### TASK STATEMENT
The lines from the one holding "Moderne Ergeschosswohnung mit" to the final line of the listing below are to be duplicated exactly, with both ends included and pictures omitted.
--- START ---
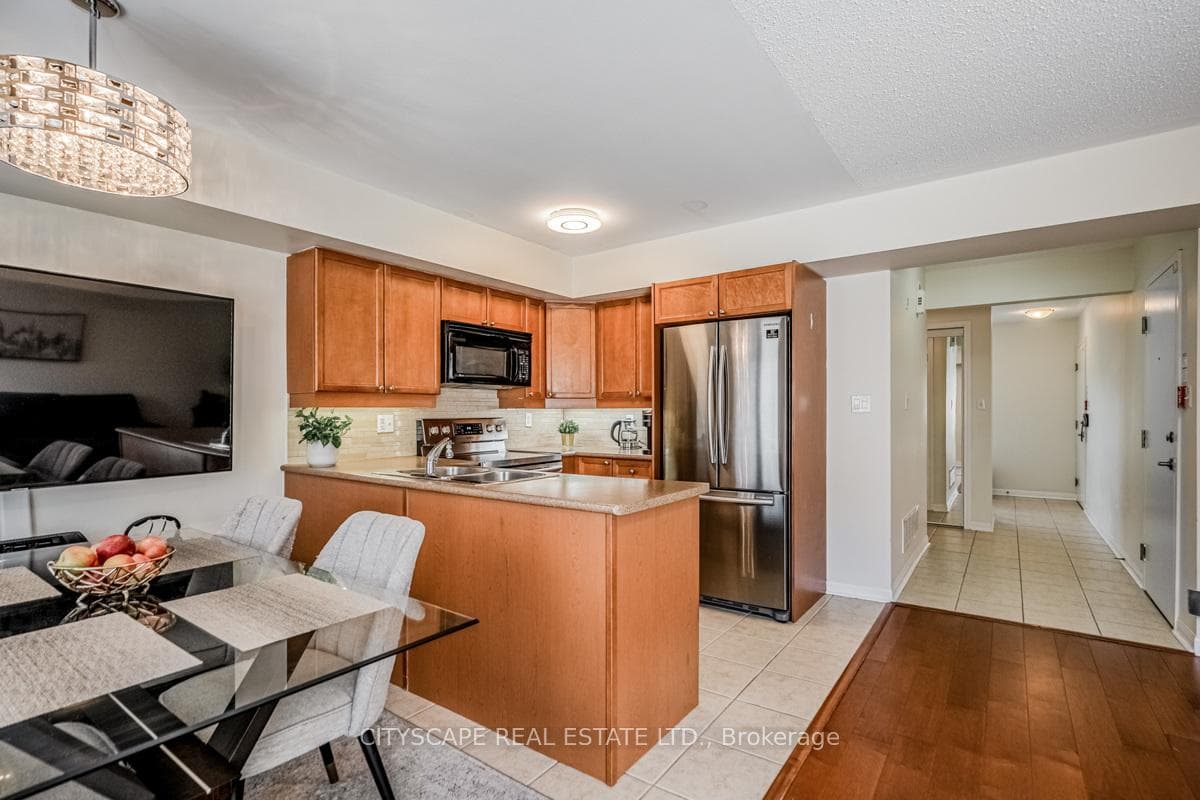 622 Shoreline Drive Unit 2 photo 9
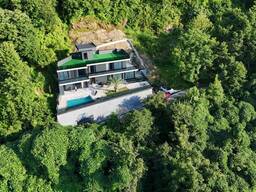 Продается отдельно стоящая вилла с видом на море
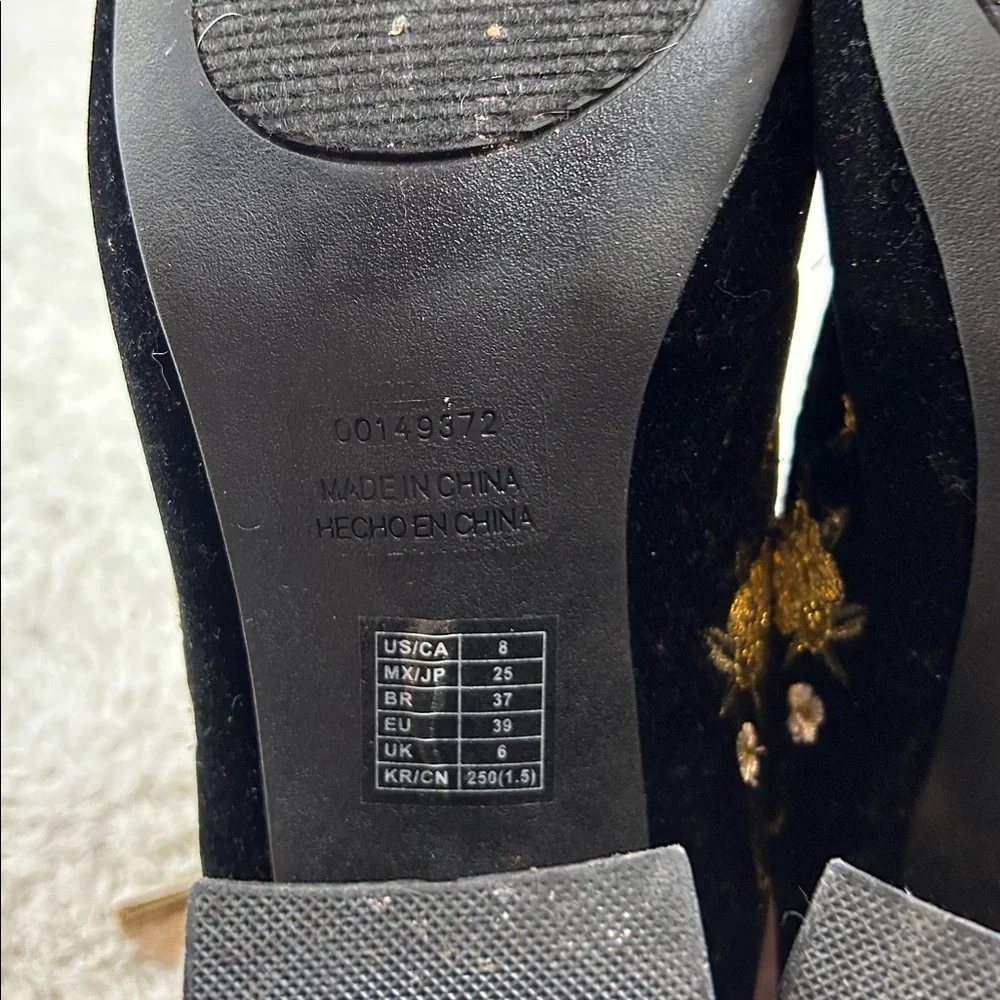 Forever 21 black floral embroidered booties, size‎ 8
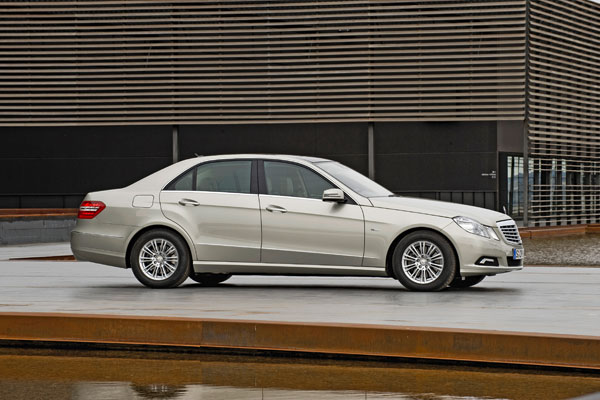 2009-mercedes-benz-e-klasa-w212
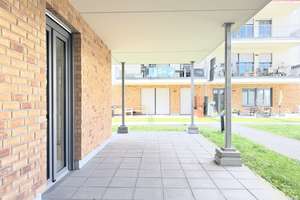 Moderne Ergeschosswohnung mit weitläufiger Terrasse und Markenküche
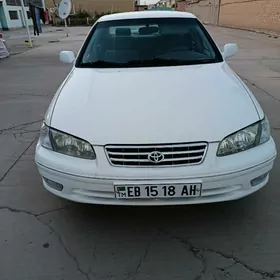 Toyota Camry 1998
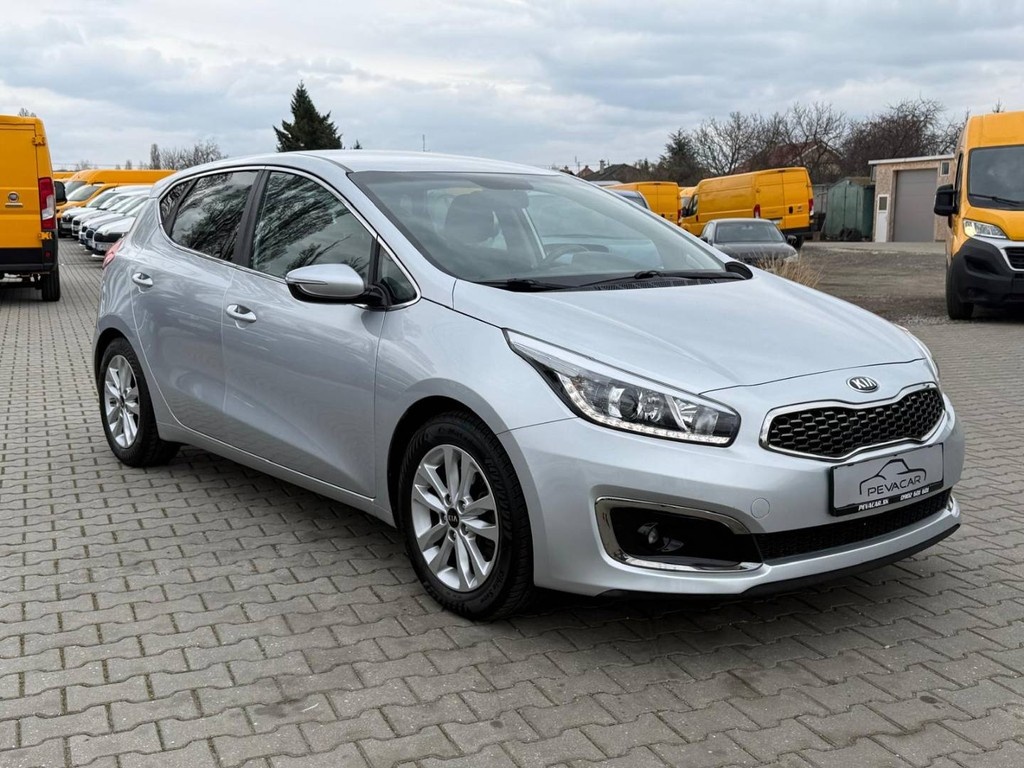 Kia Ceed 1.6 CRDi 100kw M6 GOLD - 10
--- END ---
### ANSWER TO THIS PROBLEM
 Moderne Ergeschosswohnung mit weitläufiger Terrasse und Markenküche
 Toyota Camry 1998
 Kia Ceed 1.6 CRDi 100kw M6 GOLD - 10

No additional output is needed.